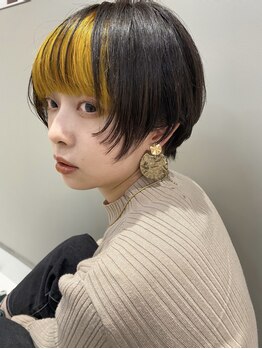 オルカ(orca)の写真/【デザインカラー×デザインカットはお任せ！】大通/デザインカラー/ハイライト/ショート/ボブ/レイヤー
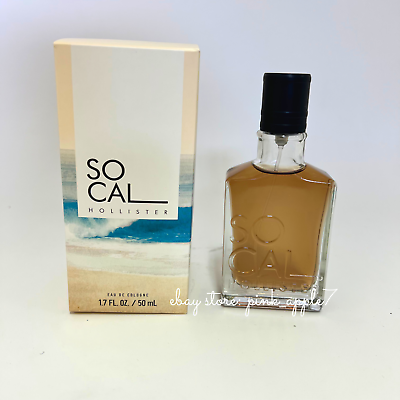 Hollister SoCal Eau de Cologne Spray for Men 1.7oz 50ml open box
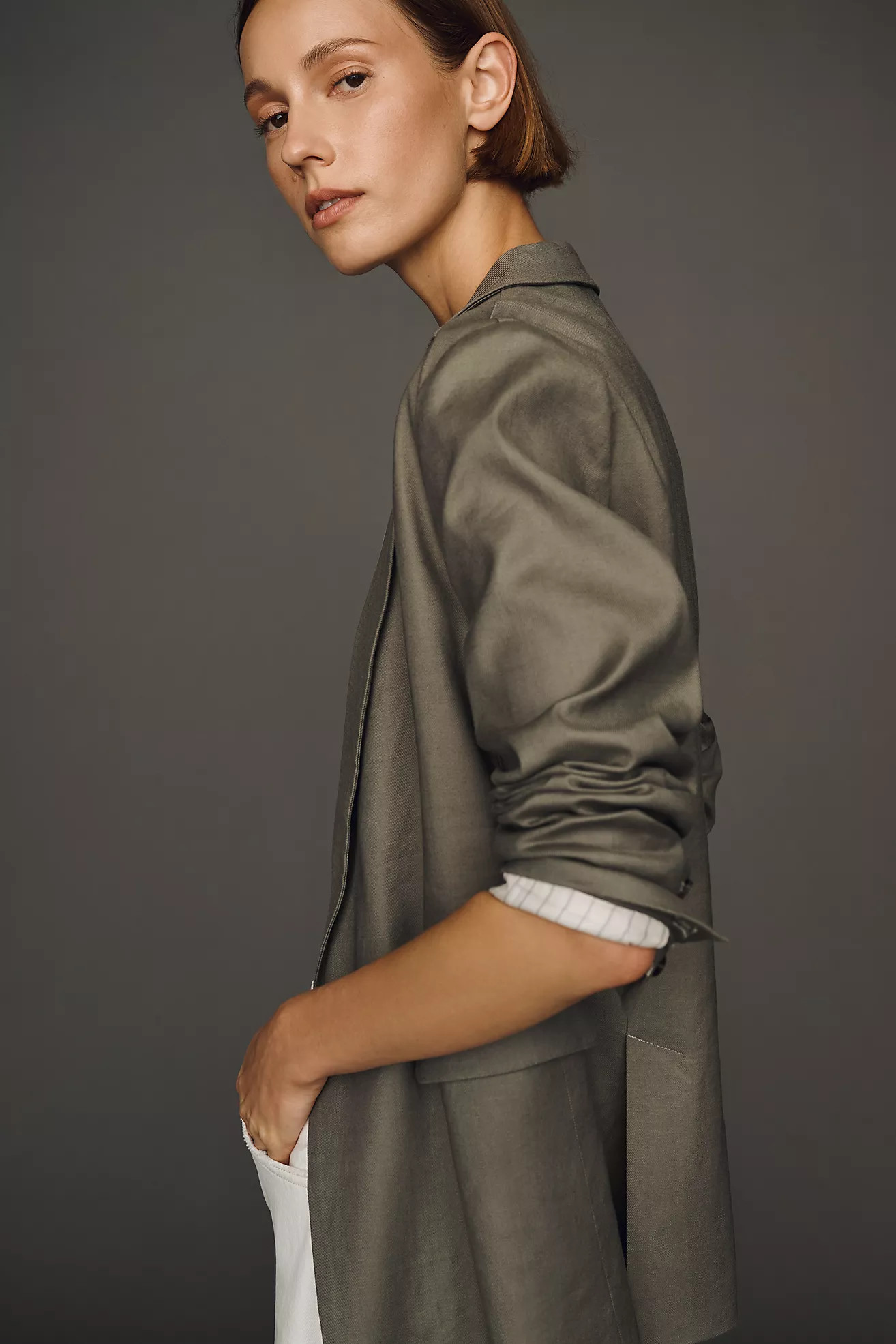 Tessie European Linen Stretch Blazer | Anthropologie (US)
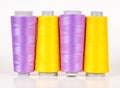 Vary colored thread coils Royalty Free Stock Photo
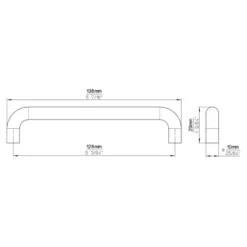 Handgreep Janne RVS look 128mm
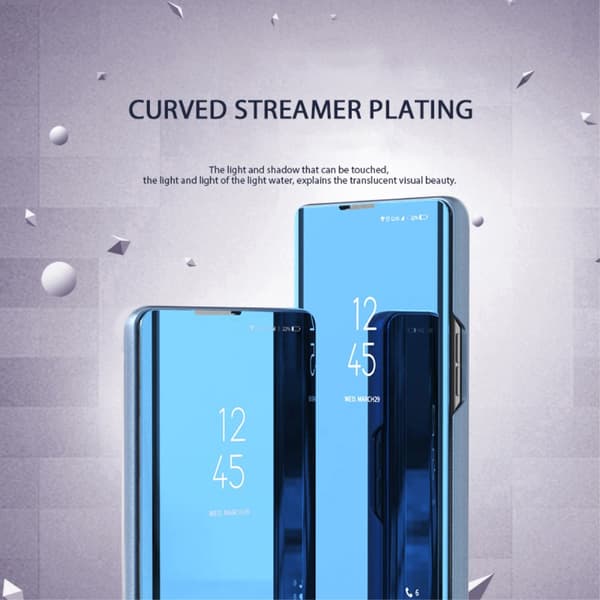 SKALO Xiaomi Redmi Note 12 4G Clear View Spegel fodral - Guld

::::

Set down word for word every line from the one containing "Vary colored thread" through the last line of the records above, both ends included. Leave out the pictures.

REPLY TO THE TASK:
 Vary colored thread coils Royalty Free Stock Photo
 Handgreep Janne RVS look 128mm
 SKALO Xiaomi Redmi Note 12 4G Clear View Spegel fodral - Guld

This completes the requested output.